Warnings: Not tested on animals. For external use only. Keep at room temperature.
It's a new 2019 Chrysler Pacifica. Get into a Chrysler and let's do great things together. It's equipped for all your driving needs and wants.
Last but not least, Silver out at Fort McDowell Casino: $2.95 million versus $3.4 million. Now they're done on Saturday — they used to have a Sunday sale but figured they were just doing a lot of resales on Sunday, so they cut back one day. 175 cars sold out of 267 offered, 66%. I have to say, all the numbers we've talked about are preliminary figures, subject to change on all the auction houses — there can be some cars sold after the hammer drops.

────────────────────────────────────────

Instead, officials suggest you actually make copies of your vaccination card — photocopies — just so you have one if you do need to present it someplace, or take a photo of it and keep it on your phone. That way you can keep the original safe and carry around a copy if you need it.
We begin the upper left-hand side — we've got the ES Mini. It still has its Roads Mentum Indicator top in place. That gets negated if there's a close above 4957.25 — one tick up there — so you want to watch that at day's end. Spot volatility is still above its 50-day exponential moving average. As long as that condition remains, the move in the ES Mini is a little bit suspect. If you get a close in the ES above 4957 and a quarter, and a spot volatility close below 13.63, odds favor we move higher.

────────────────────────────────────────

### What is being asked
Going through the entries above, count each line that has the word "your" and report only the count.

### Expected answer
2